In February 2026, to celebrate the 20th anniversary of the founding of Panthera, Kaplan and co-owner, Panthera Chairman, Jon Ayers, sold the drawing Young Lion Resting by Rembrandt for $17.8m with the proceeds going to benefit the organization. The Sotheby's auction shattered the record for the most expensive drawing by the 17th-century Dutch painter previously set at $3.7m for The Bulwark De Rose and the Windmill De Smeerpot.

==Distinctions==
In March 2014, Kaplan was awarded the rank of Chevalier in the Ordre national de la Légion d'honneur of France, the country's highest civilian distinction. In presenting the decoration, the French Ambassador to the United States, François Delattre, said of Kaplan: "Through your multifaceted life and your support for an incredible array of causes, I believe you are the very definition of a game changer and Renaissance man - a young Renaissance man: as Chairman of the Y, as an environmentalist in Brazil, as an entrepreneur, a historian, a philanthropist, an art collector and a politically engaged individual." He was later promoted to the rank of Officier.

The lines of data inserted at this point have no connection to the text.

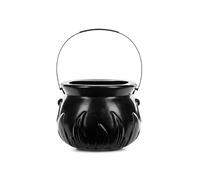 Chaudron d'Halloween - Chaudron de sorcière en plastique noir - Environ 18 x 13,5 cm - Décoration et récipient à bonbons pour Halloween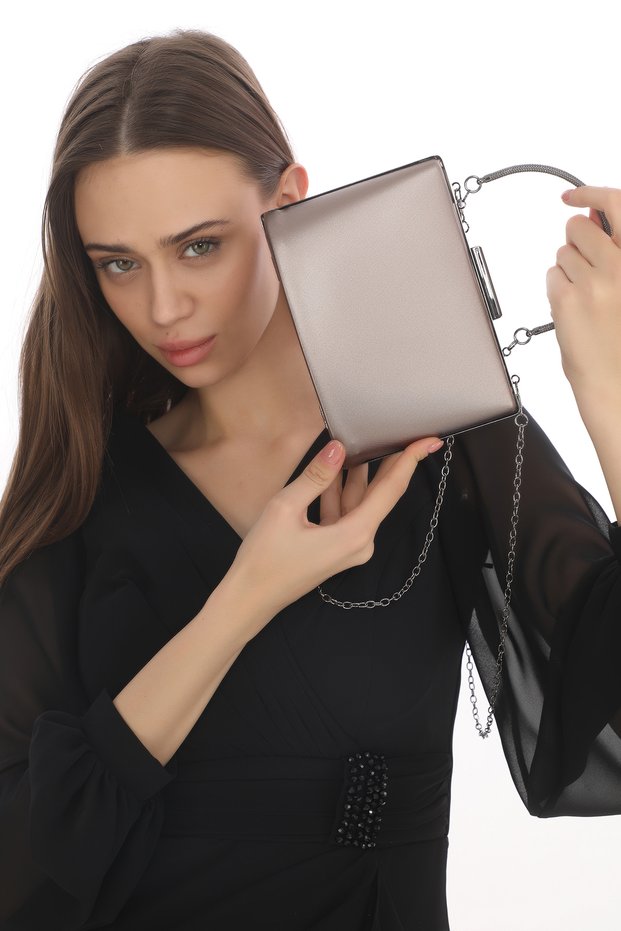 Women's Platinum Color Fabric Evening Dress Clutch Portfolio Bag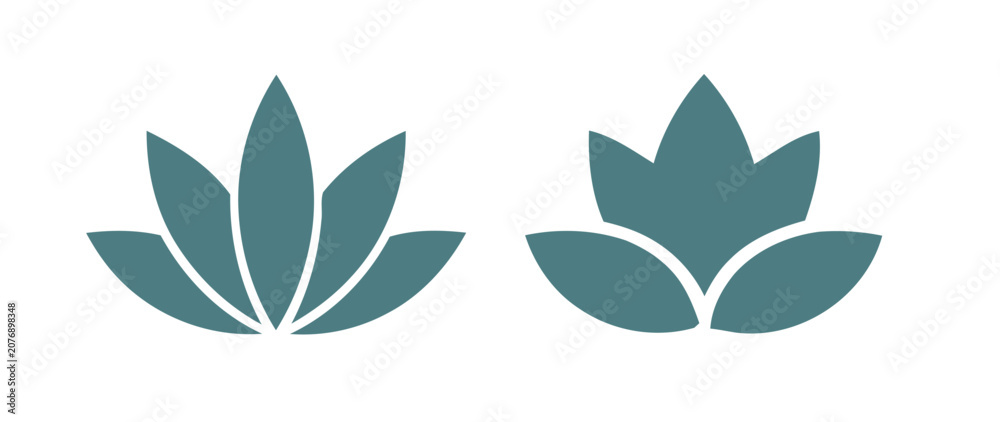 Fototapeta premium Two stylized teal lotus flowers, symbolizing tranquility and spiritual growth, presented on a clean white background for a serene and elegant aesthetic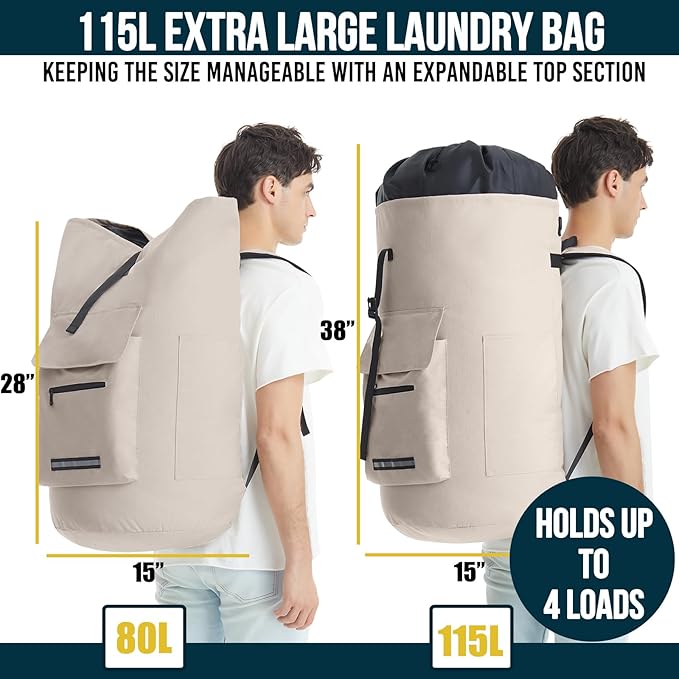 Laundry Bag Extra Large Heavy Duty, 115L Laundry Backpack, College Laundry Bag - Image 2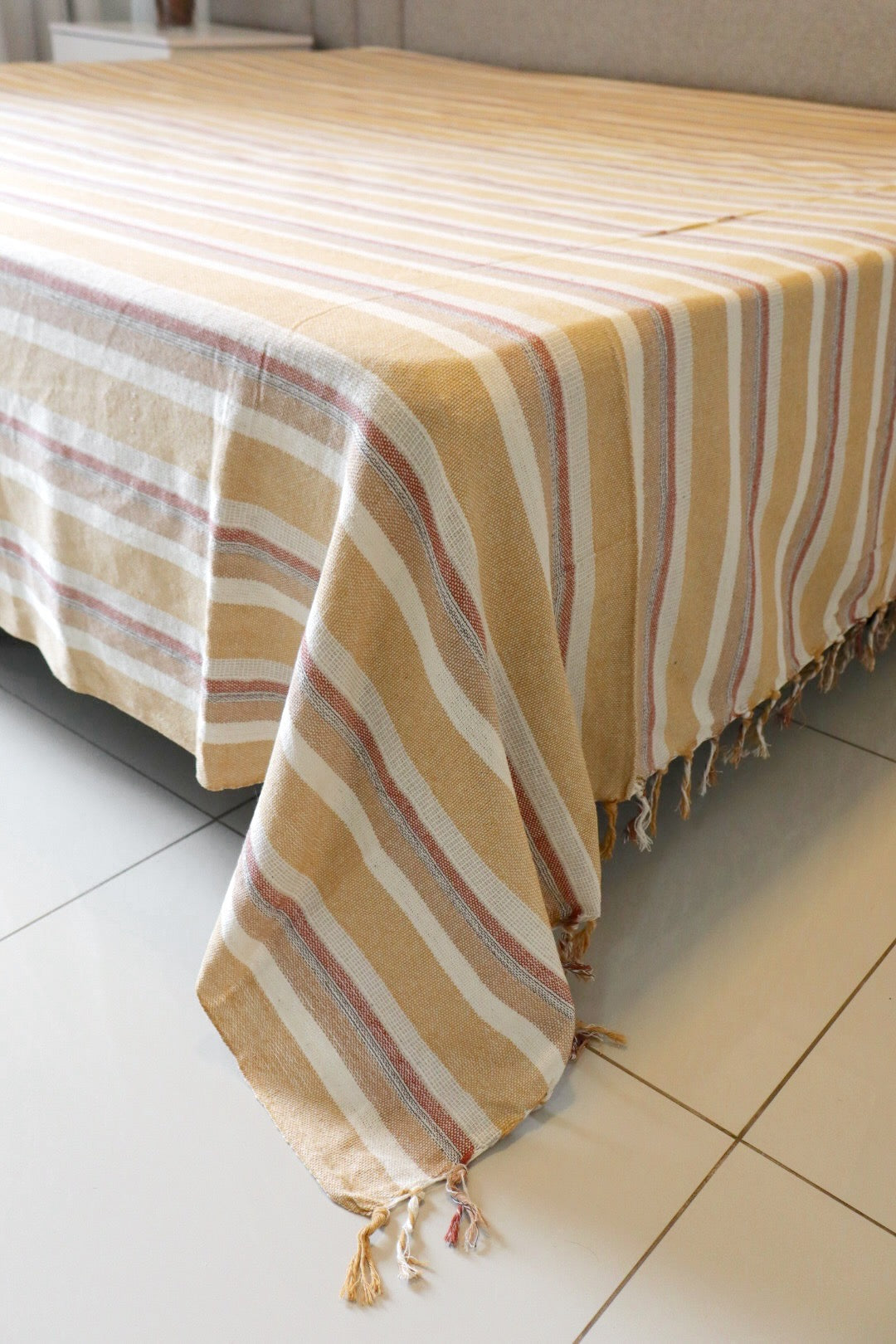 Colcha para Cama Queen 2,40x2,60m Artesanal Listrada Mostarda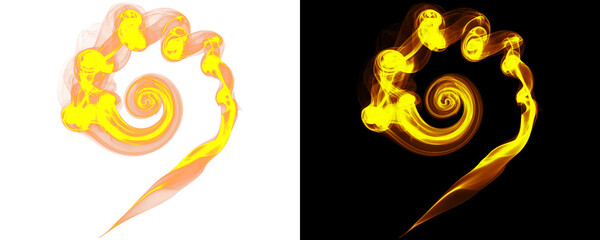 Realistic Twisting Fire Spiral With Smooth Flowing Flame Curls for Overlay Design Isolated On Transparent Background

In March 2017, Kaplan was decorated as a Commandeur in the Ordre des Arts et des Lettres by France's Minister of Culture, Audrey Azoulay, at a ceremony at the Louvre Museum. The award was given in recognition of the Kaplan family's contribution to the arts in France as well as globally.

In September 2018, Kaplan was awarded the rank of Officer in the Order of Orange-Nassau for his efforts in disseminating Dutch culture and building bridges between people through art. Renée Jones-Bos, Ambassador of the Netherlands to Russia, presented the distinction to Kaplan in the Saint Petersburg office of Mikhail Piotrovsky, Director of the Hermitage Museum.

==Personal life==
Kaplan is married to Dafna Recanati Kaplan, daughter of Israeli artist Mira Recanati and investor Leon Recanati. They have three children.